Adjustment claims (type of bill XX7) are submitted when it is necessary to change information on a previously paid claim. The change must impact the processing of the original bill or additional bills in order for the adjustment to be performed. The claim being adjusted must be in a finalized status location (i.e., P B9997 or R B9997).

If a claim in a P status has been reviewed by Medical Review and has one or more line items denied, adjustments can be made to the paid line items. Please note: Adjustments cannot be made to any part of a denied line item on a partially paid claim.
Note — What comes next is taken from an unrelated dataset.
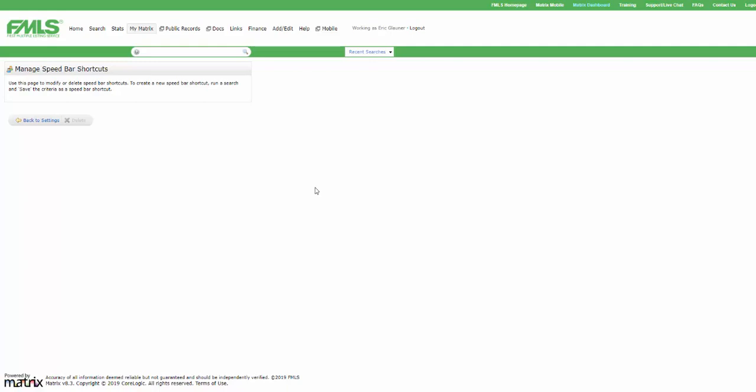So those are just some really advanced things that you can do in the speed bar with a speed bar shortcut. If you have any problems or questions, you can contact our support department at 404-255-8660. They're available to you Monday through Friday, 9 to 6 and Saturday, 9 to 5.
In addition, only rejected claims (R B9997) that have posted information to the Common Working File (CWF) should be adjusted, such as a claim that rejected due to an open Medicare Secondary Payer (MSP) record or a home health date of service that overlaps a beneficiary’s stay in an inpatient facility.

It is not appropriate to adjust home health Requests for Anticipated Payment (RAPs). Incorrect RAPs with an incorrect date of admission must be canceled and rebilled with the correct information. 

Cancel claims/RAPs (type of bill XX8) may be necessary when the incorrect provider number was submitted, an incorrect Medicare ID number was submitted, or a duplicate payment was received. Home health agencies may need to cancel RAPs for reasons such as removing an episode from the CWF that was submitted and processed with an incorrect Health Insurance Prospective Payment System (HIPPS) code, or service date on the 0023 line.

Claims/RAPs needing canceled must be in a finalized paid status/location (P B9997). 




After a claim has made its way through the Medicare system, an explanation of the results are sent back to the provider in the form of an Electronic Remittance Advice (ERA). This document provides details on payments and reasons for any denials.